#### [Task statement]
In the data below, begin at the line with "Krone Comprima F 125 XC" and stop after the line with "Ice cream Stock Photos"; output those lines exactly and no pictures.

#### [Data for analysis]
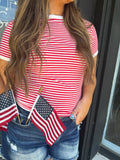 Sweet & Simple Stripe Tee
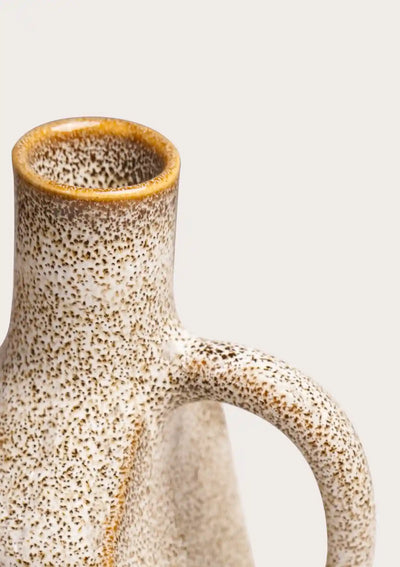 Water Jug with four glasses - Brown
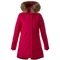 Пальто зимове Huppa Vivian 1, р.S, фуксія (12498120-00063-00S) - Pampik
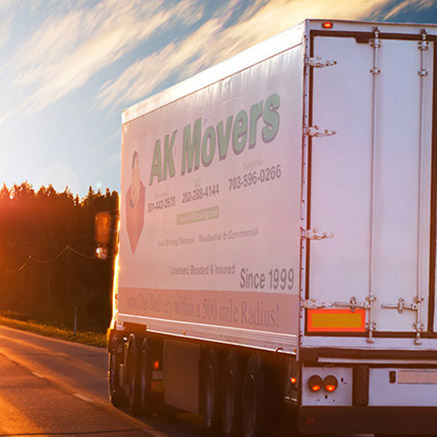 AK Movers Long Distance Moving
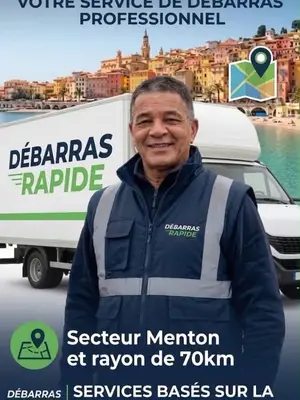 Service de débarras rapide pour maison, appartement, cave ou garage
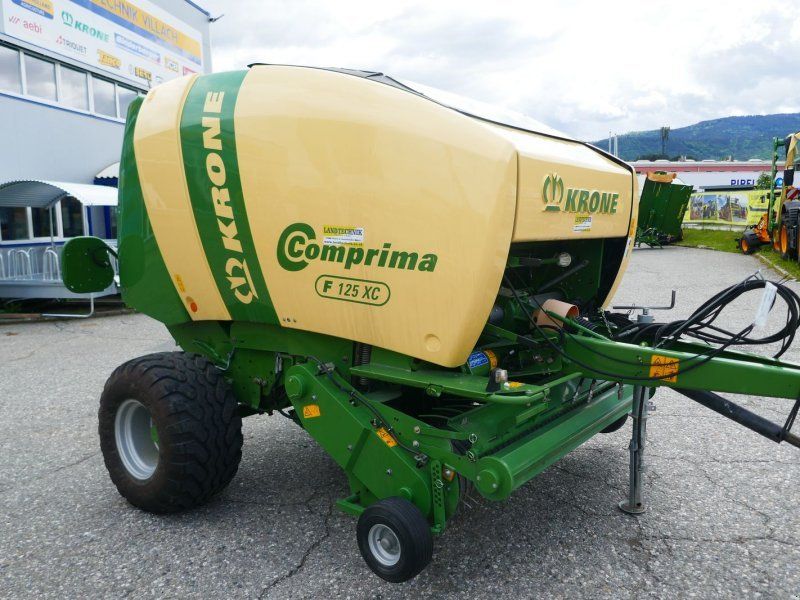 Krone Comprima F 125 XC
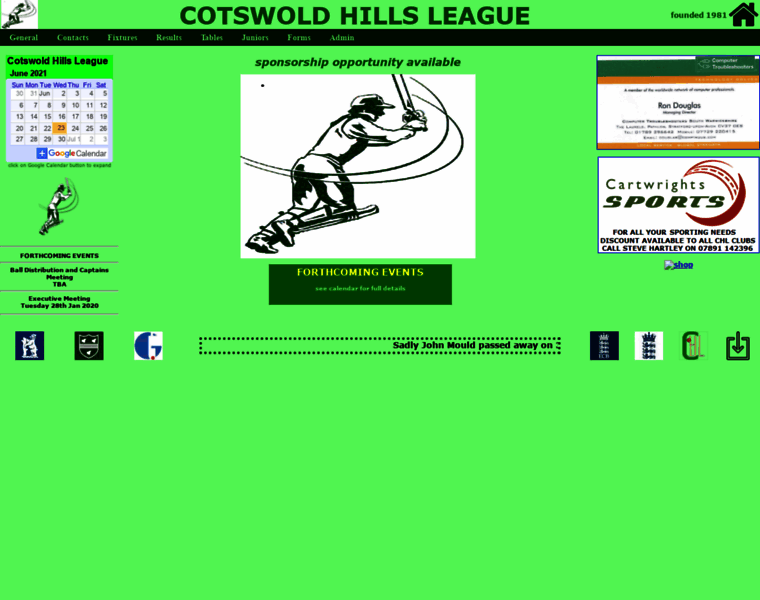 Cotswold-hills-league.org thumbnail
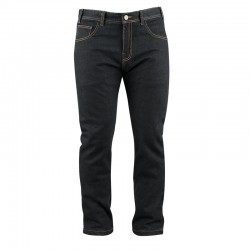 Highside Reinforced/Armoured Moto Jeans Black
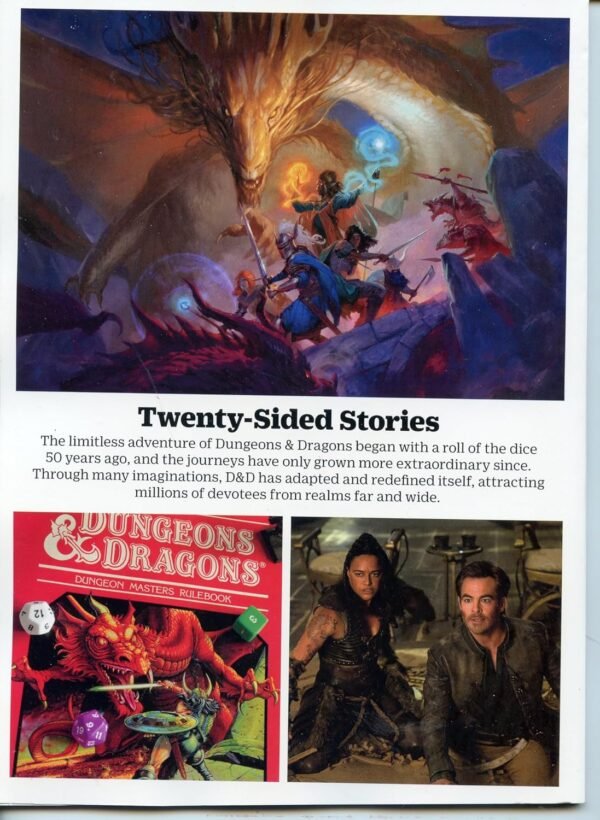Time Magazine Special Edition Dungeons Dragons. The Game That Changed the World. This Is Not a Reprinted Copy. This Is The Original Brand New Newstand Edition.jpg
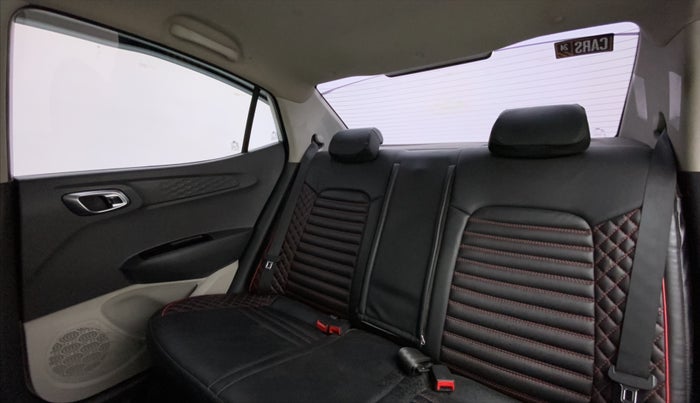 2021 Hyundai AURA SX 1.2 (O), Petrol, Manual, 15,610 km, Right Side Rear Door Cabin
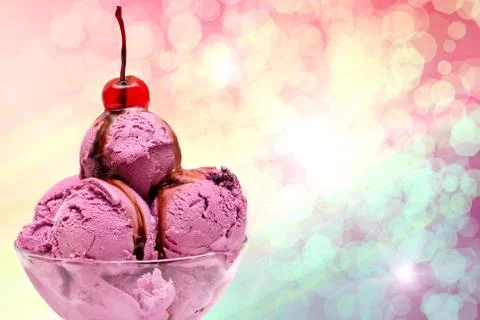 Ice cream Stock Photos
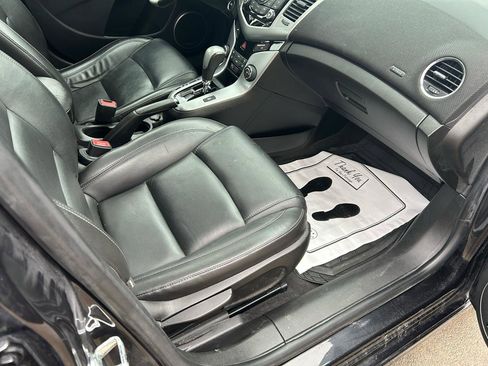 Used 2015 Chevrolet Cruze LTZ w/ Sun, Sound and Sport Package image 12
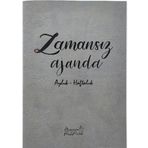 Meli Melek Zamansız Gri Ajanda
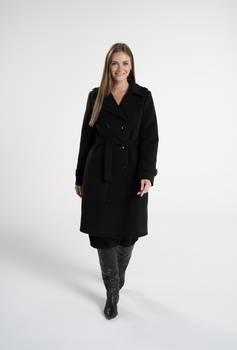 Monika flausz czarny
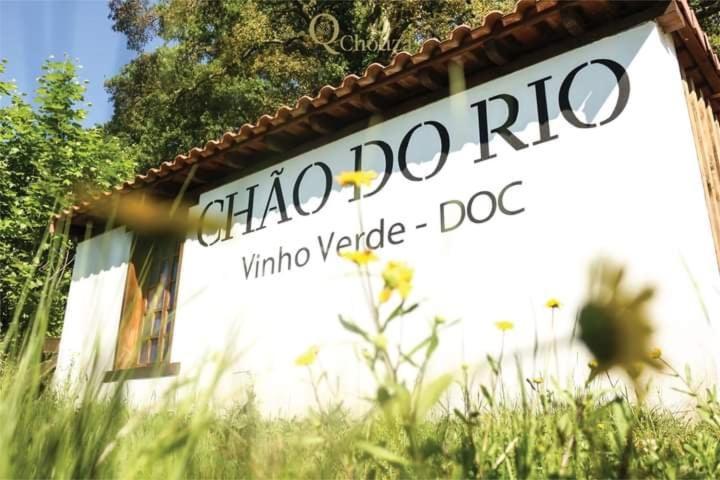 Quinta Da Chouza Agroturismo E Enoturismo Celorico De Basto Exteriör bild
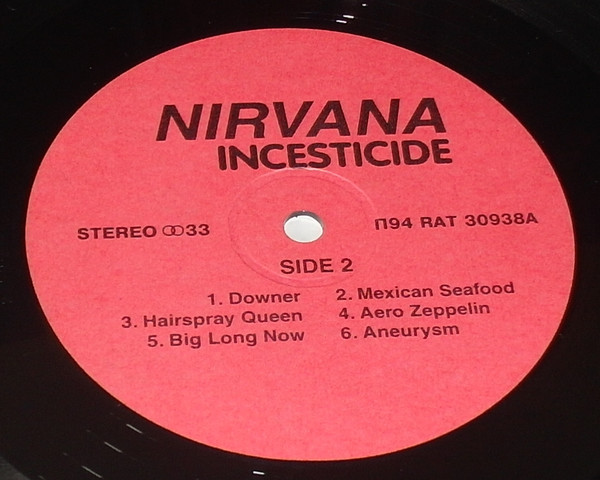 Nirvana. Incesticide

#### [Answer to this exercise]
 Krone Comprima F 125 XC
 Cotswold-hills-league.org thumbnail
 Highside Reinforced/Armoured Moto Jeans Black
Time Magazine Special Edition Dungeons Dragons. The Game That Changed the World. This Is Not a Reprinted Copy. This Is The Original Brand New Newstand Edition.jpg
 2021 Hyundai AURA SX 1.2 (O), Petrol, Manual, 15,610 km, Right Side Rear Door Cabin
 Ice cream Stock Photos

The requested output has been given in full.